**Exercise directions:** In the records below, reproduce exactly the lines from the one containing "If you're like" through the one containing "Here are some", both included, and omit the pictures.

········

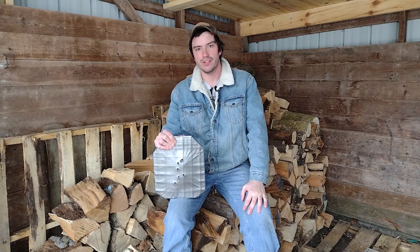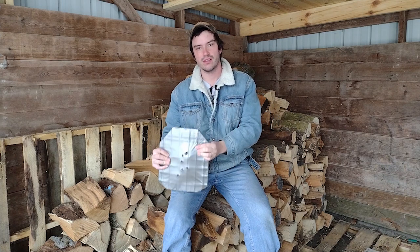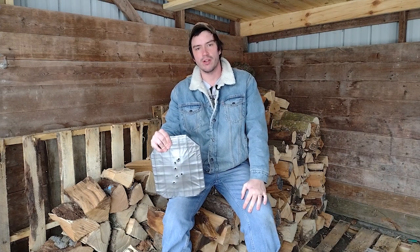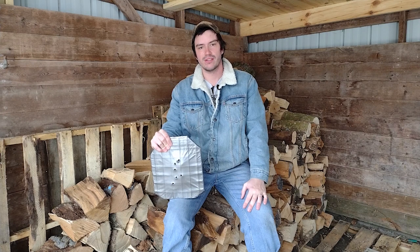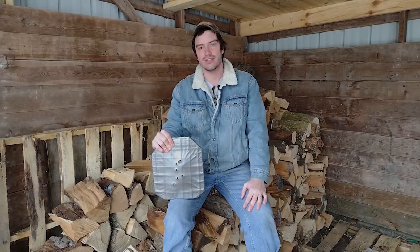In our last homemade spa liner video, you saw this plate with this liner swallow seven rounds of 45 ACP. Normally at the end of our homemade spa liner videos we like to cut the liner off and see how it looks on the inside, but we figured this one did so well, let's test a little further. We're going to use the same procedure, setting this up inside a cardboard box, and shoot at it with 55 grain 223 until the liner fails. Let's go see how it does.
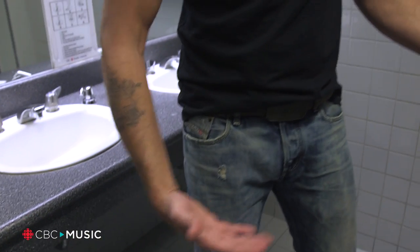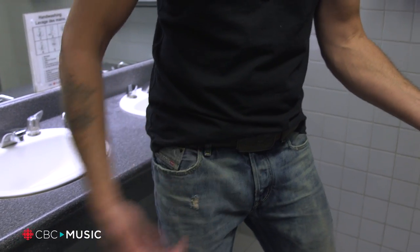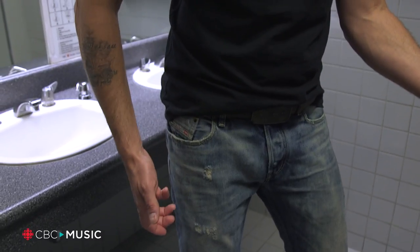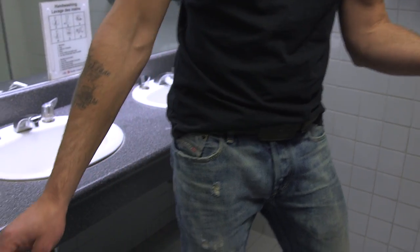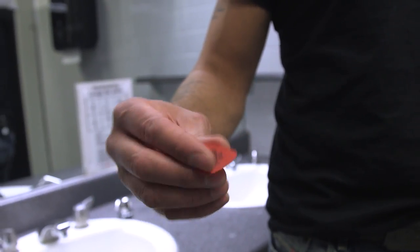I stick it on the butt of the guitar — right here — it's hidden and I just use duct tape to put it in there. So if I lose a pick, I can just sweep down and pull it out of the pick holder, and it's really fluid, it works awesome. So yeah, 50 Dunlops — these are my picks.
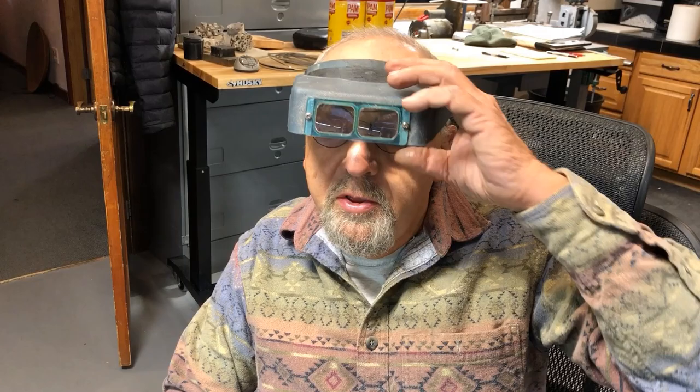Thank you very much for your response to my videos — it's been great. I'm so happy to be able to teach you things that are just not taught elsewhere. These are things I've learned over a 40-some year occupation as a silversmith and goldsmith. Thank you for being patrons of Durango Silver, and hope you have a great day.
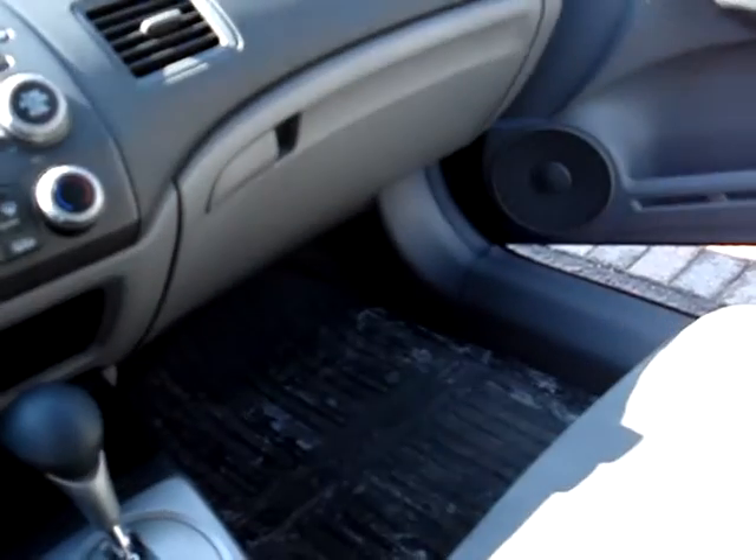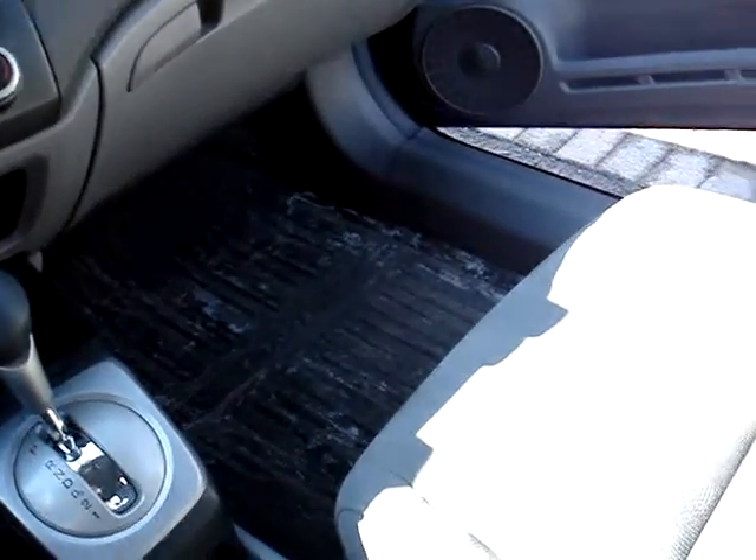If you're like me, you probably love your Honda Civic. However, you've probably noticed a lot of road noise with it — rattles, squeaks, whatever it may be.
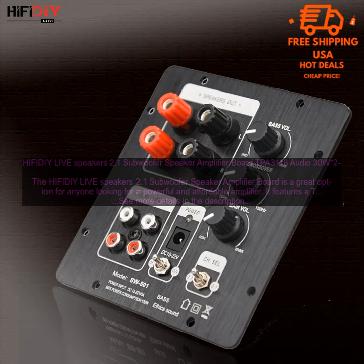Here are some additional details about the amplifier. The amplifier measures 120mm by 120mm by 35mm and weighs 350 grams. It has a power supply input of 12 volts DC, a frequency response of 20Hz to 20kHz, and a signal-to-noise ratio of 90 dB.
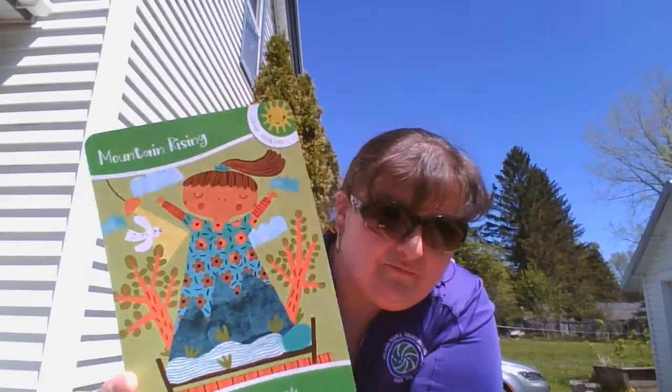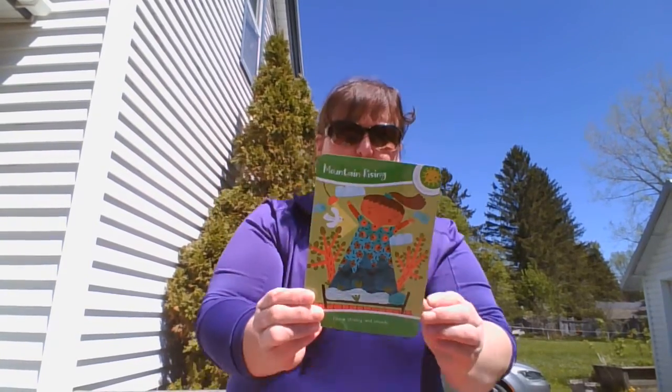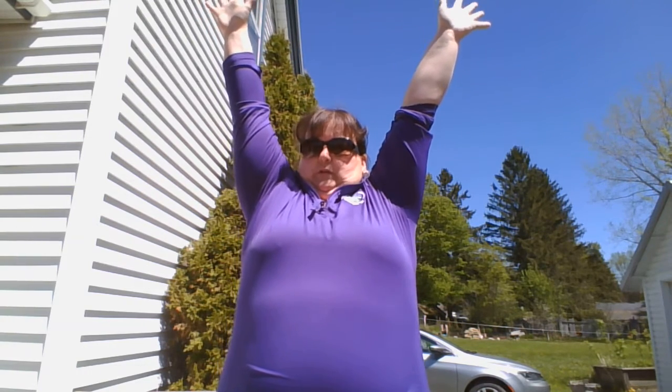Mountain rising. This is the first one. We're going to stand straight up with your feet apart and your arms by your sides. Feel the bottoms of your feet planted on the floor. Keep your eyes open. It's sunny out here, so I have my sunglasses on. Imagine you are a mountain, rising up from the ocean. Your head is the top of the mountain. And you're going to raise your arms up, your fingers apart. This lifts your mountain higher.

········

**Task output:**
If you're like me, you probably love your Honda Civic. However, you've probably noticed a lot of road noise with it — rattles, squeaks, whatever it may be.
Here are some additional details about the amplifier. The amplifier measures 120mm by 120mm by 35mm and weighs 350 grams. It has a power supply input of 12 volts DC, a frequency response of 20Hz to 20kHz, and a signal-to-noise ratio of 90 dB.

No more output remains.